Мы проводили долгие вечера вместе, уничтожая её семейные архивы, которые могли бы вызвать ярость большевиков. Возле неё меня охватывало сильное волнение. Юлия, конечно же, ощущала моё смятение, но делала вид, что ничего не замечает. Но она всегда была кокетлива и принаряжалась к моему приходу. Юлия пользовалась духами с нежным запахом, и он ударял мне в голову. Я хорошо понимал причину своих волнений. Но кто может знать границу мальчишеской робости в пятнадцать лет! А чувственность!

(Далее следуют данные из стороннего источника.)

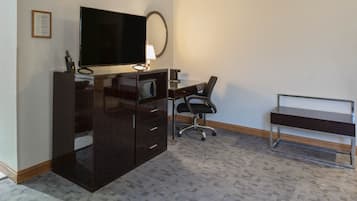 Habitación de hotel con una amplia televisión de pantalla plana, un escritorio con una silla, un espejo y una mesita.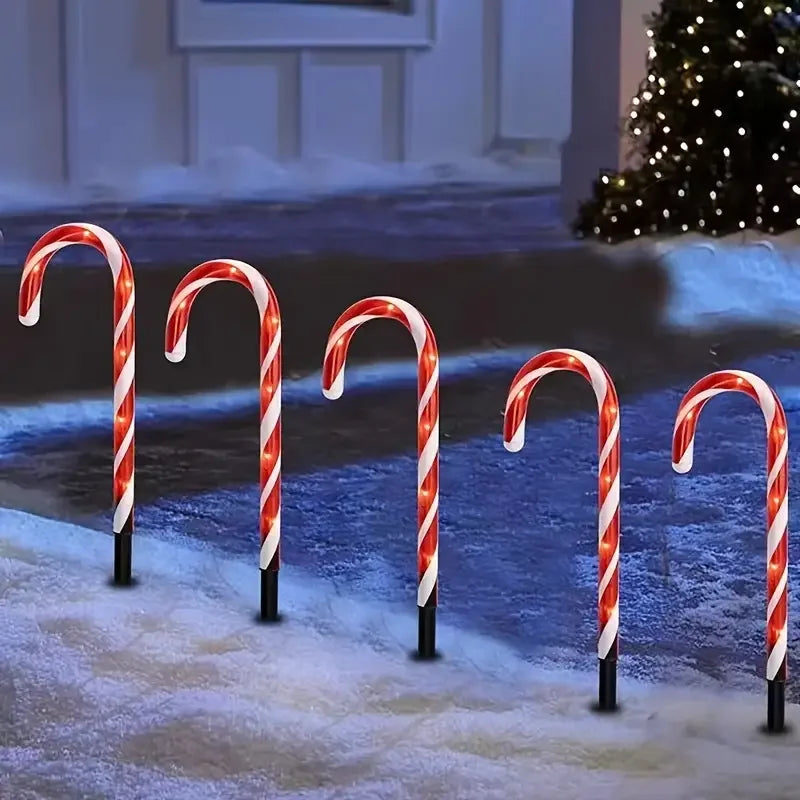 Set of Christmas solar candy cane lights in red and white for festive outdoor decorations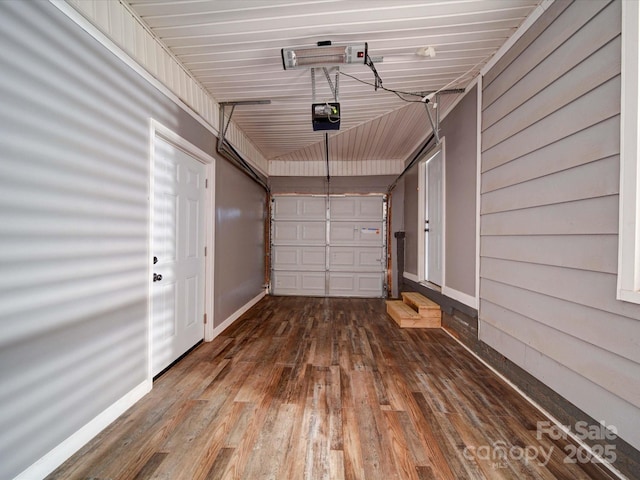 garage featuring baseboards and a garage door opener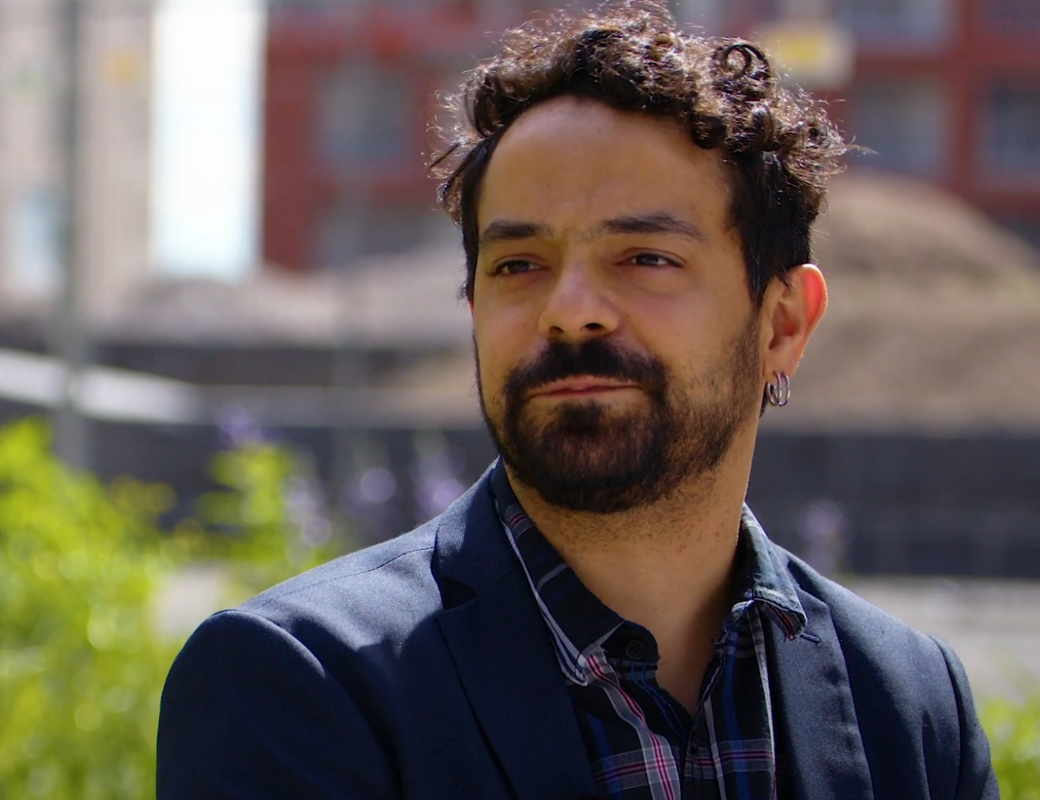 Person with curly hair wearing a navy blazer and plaid shirt, sitting outdoors with an urban background.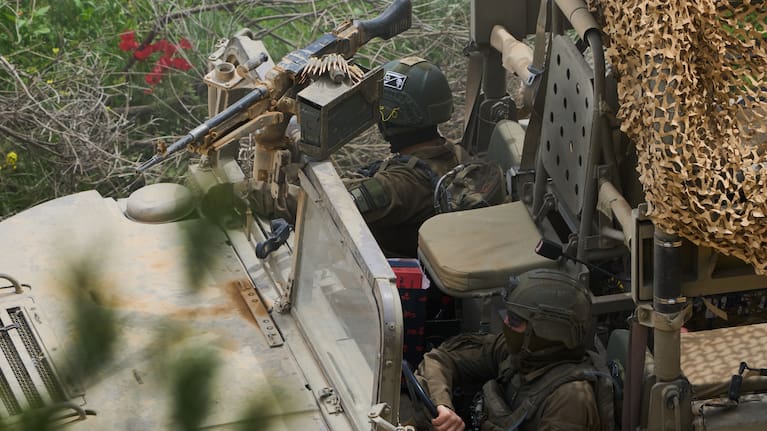 Israeli soldiers drive towards southern Lebanon from northern Israel, Wednesday, April 15, 2026.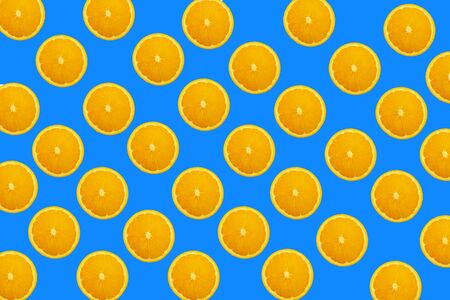 Slices orange on blue background. Background and pattern concept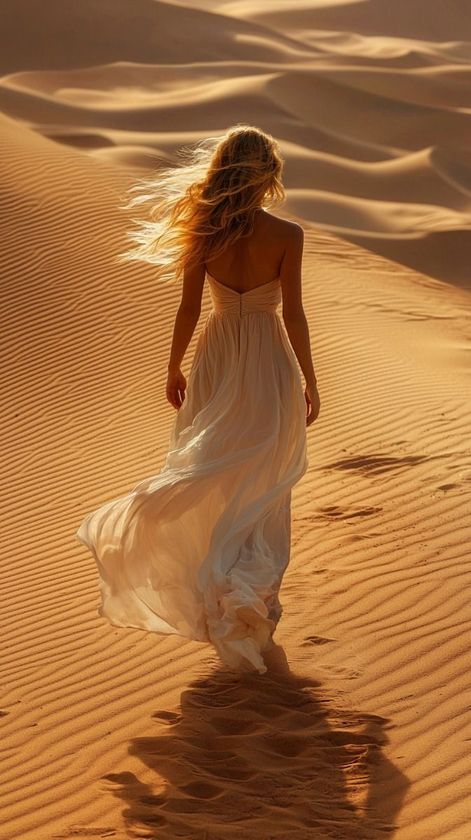 Woman with voluminous, wavy, brown hair, looking down with closed eyes.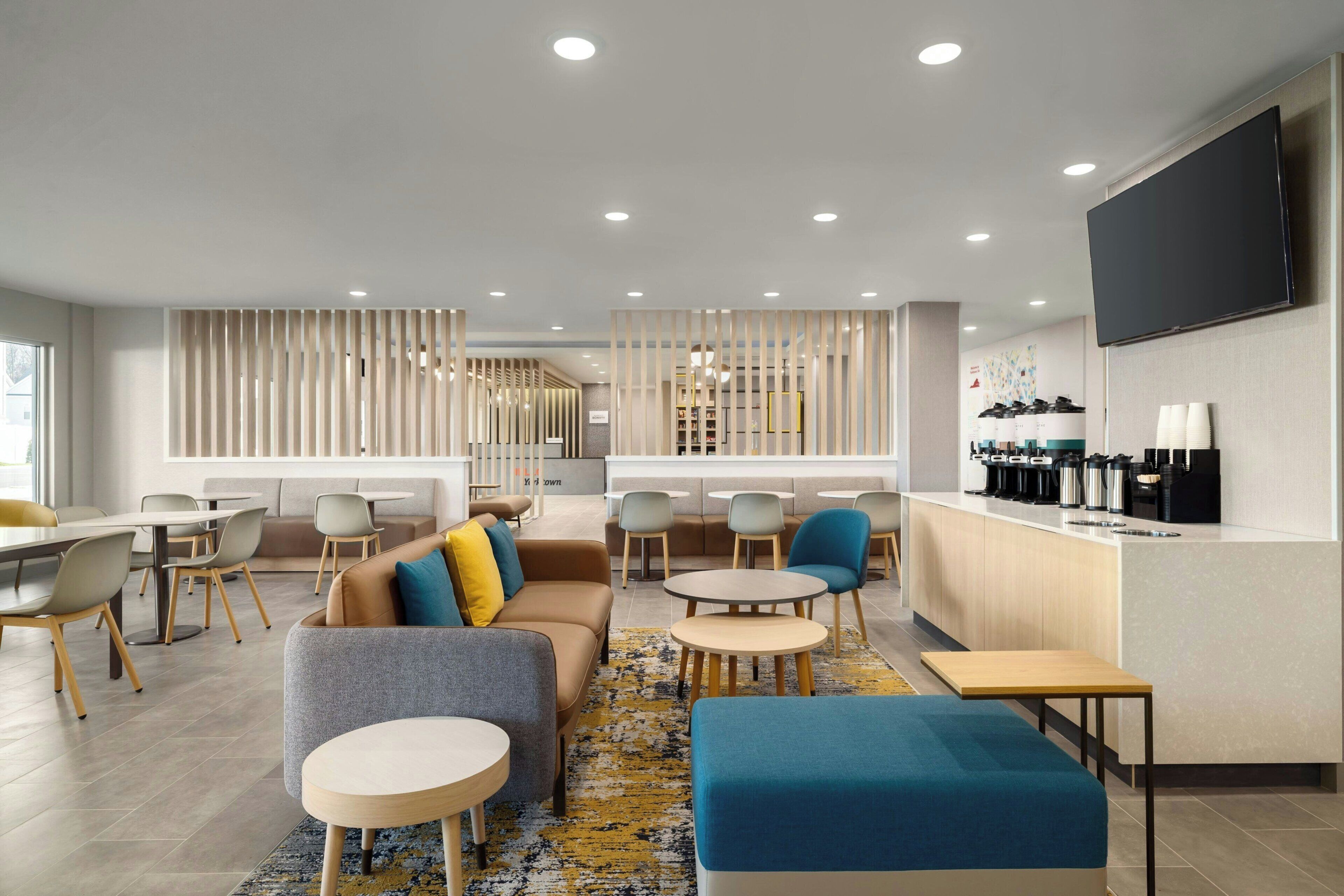 A modern hotel lobby with seating areas, a reception desk, and a coffee station.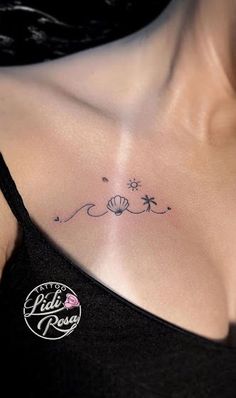 a woman's chest with a small tattoo design on her left side ribcage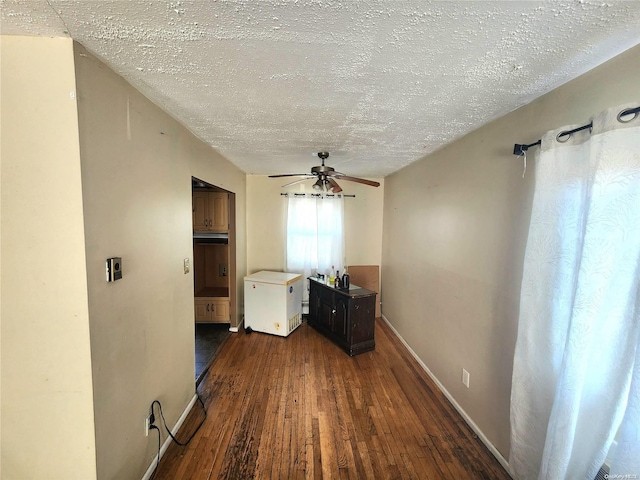 hall featuring a textured ceiling and dark hardwood / wood-style floors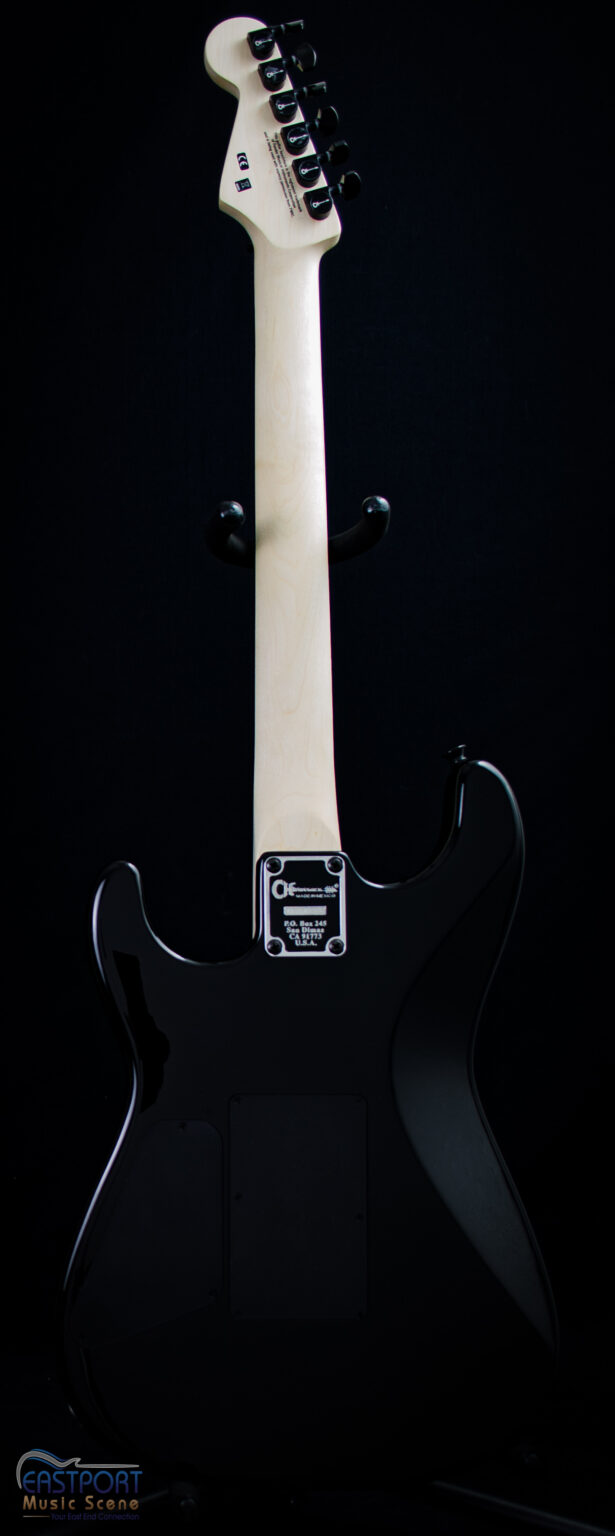 A black electric guitar with white handle and back.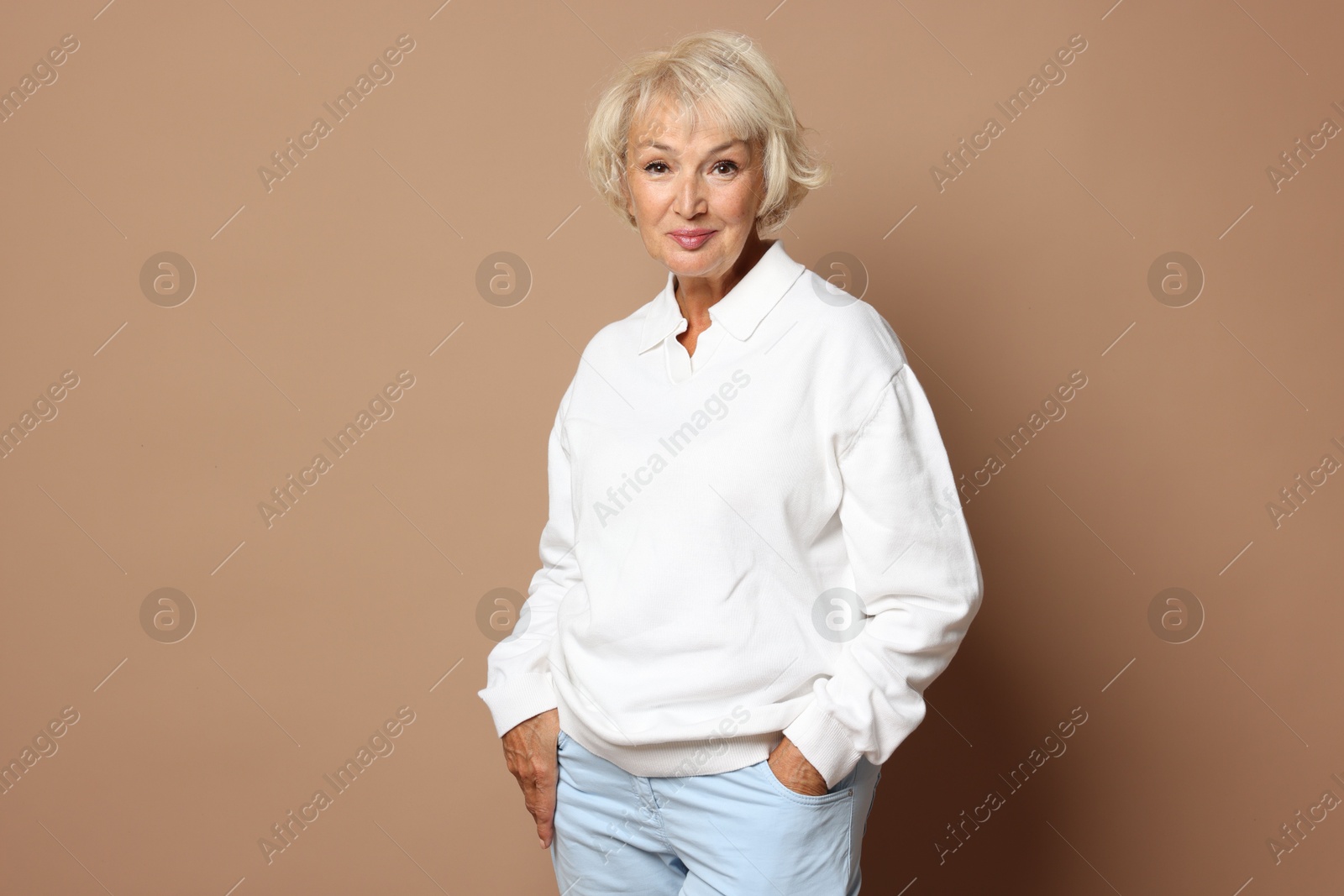 Photo of Portrait of beautiful senior woman on light brown background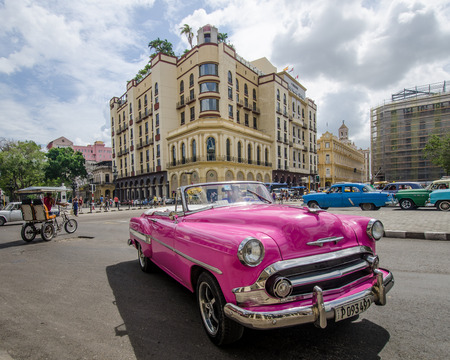 HAVANA - CUBA. JUNE 10, 2016: Close-up of a hot pink restored classic convertible drives along Paseo de Marti with the Parque Central Hotel and the historic Plaza Hotel in the background.のeditorial素材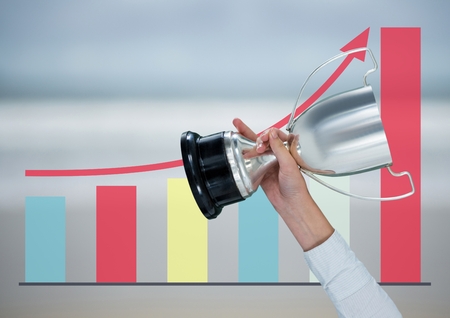 Digital composite of business hand with trophy.blue blurred background with graphic about grow upの写真素材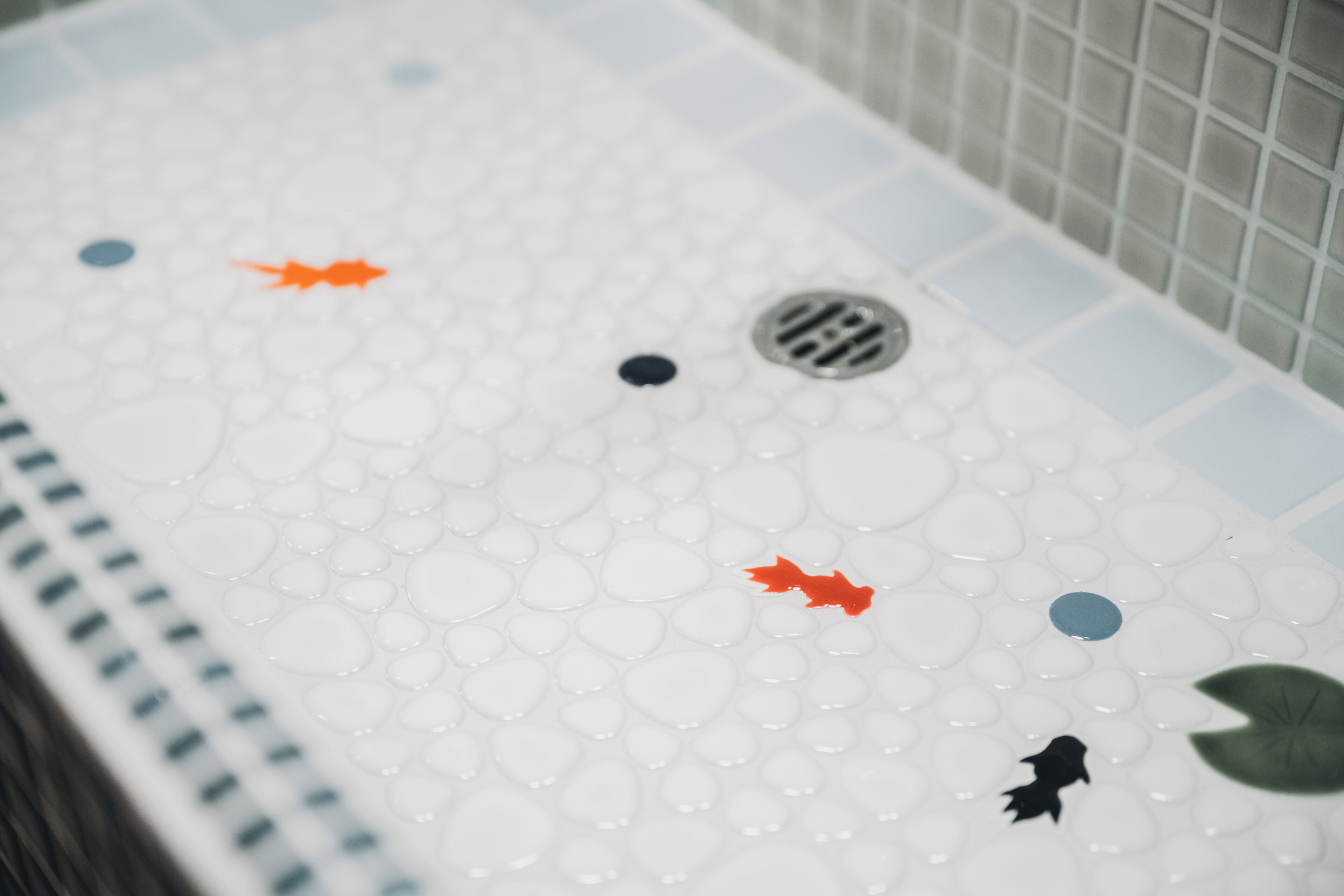 Una bañera con gotas de agua, desagüe y pared de azulejos.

Другую женщину поры моей юности звали Ася. Она была совсем иной, чем Юлия. Её мужем был советский чиновник, которого поселили у нас. Она казалась настолько смуглой, с матовым оттенком кожи, насколько Юлия почти прозрачной. Это был совершенный образ простой красавицы-украинки, созревшей под лучами южного солнца. Иногда тень алчности, казавшейся мне почти злобной, искажала её черты. Желание пылало во мне. Я даже стал бояться снов. Она являлась мне в греёзах, мучая и изматывая меня. Её пышное тело меня влекло, и это страшило меня. В ней было неистовство физической страсти, оно и провоцировало, и отталкивало меня. Я разрывался от этого двойного чувства, желая то, что презирал. Кому знакомы муки чувственности, не увидит в том большой тайны. И с той и с другой, Юлией или Асей, я, в силу воспитания, ощущал себя на краю грехопадения и избегал физической связи с такой же инстинктивной осторожностью, с какой на протяжении всей своей жизни относился к людям, которые могли бы отнять мои скрытые силы.